-- Opening Marker --

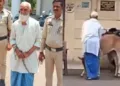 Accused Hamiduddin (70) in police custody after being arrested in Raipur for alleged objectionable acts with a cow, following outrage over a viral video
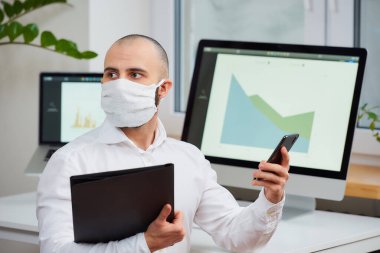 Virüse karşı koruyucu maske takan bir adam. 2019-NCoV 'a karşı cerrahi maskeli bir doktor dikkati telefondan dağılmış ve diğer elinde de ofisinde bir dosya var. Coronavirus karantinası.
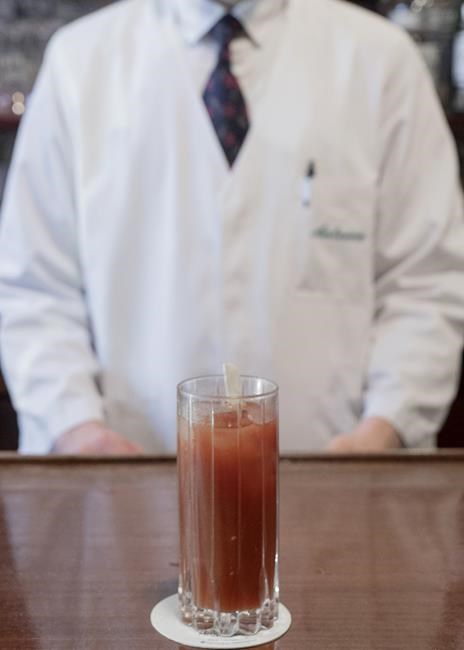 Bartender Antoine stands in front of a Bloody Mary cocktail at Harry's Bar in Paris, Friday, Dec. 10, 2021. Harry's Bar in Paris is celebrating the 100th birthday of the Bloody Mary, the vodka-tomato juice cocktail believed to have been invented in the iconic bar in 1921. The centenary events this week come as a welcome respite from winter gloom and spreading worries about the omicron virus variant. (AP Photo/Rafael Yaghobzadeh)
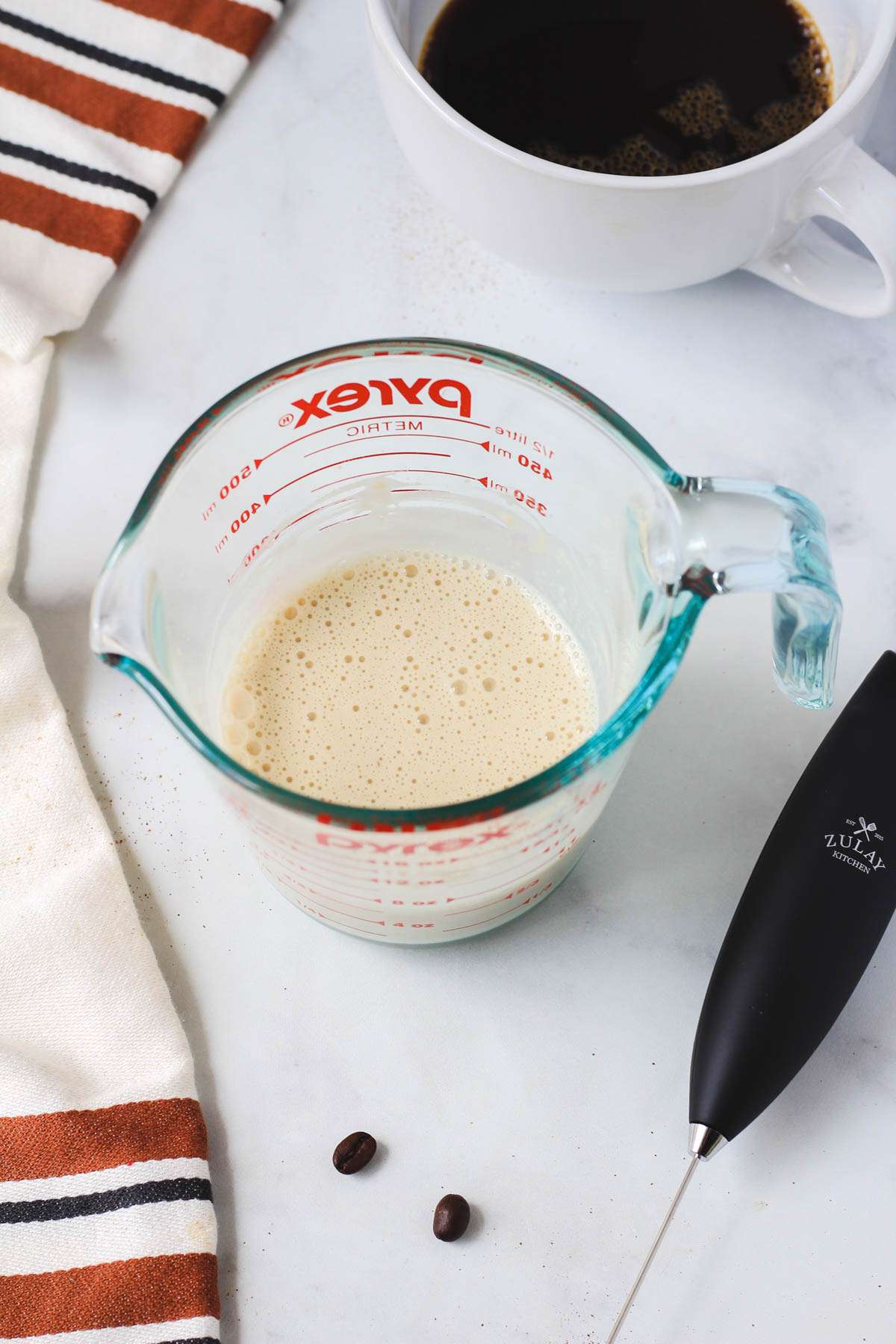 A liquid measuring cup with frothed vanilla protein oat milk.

-- Closing Marker --

Leave out all pictures, then copy the remaining material exactly.

 Accused Hamiduddin (70) in police custody after being arrested in Raipur for alleged objectionable acts with a cow, following outrage over a viral video
 Virüse karşı koruyucu maske takan bir adam. 2019-NCoV 'a karşı cerrahi maskeli bir doktor dikkati telefondan dağılmış ve diğer elinde de ofisinde bir dosya var. Coronavirus karantinası.
 Bartender Antoine stands in front of a Bloody Mary cocktail at Harry's Bar in Paris, Friday, Dec. 10, 2021. Harry's Bar in Paris is celebrating the 100th birthday of the Bloody Mary, the vodka-tomato juice cocktail believed to have been invented in the iconic bar in 1921. The centenary events this week come as a welcome respite from winter gloom and spreading worries about the omicron virus variant. (AP Photo/Rafael Yaghobzadeh)
 A liquid measuring cup with frothed vanilla protein oat milk.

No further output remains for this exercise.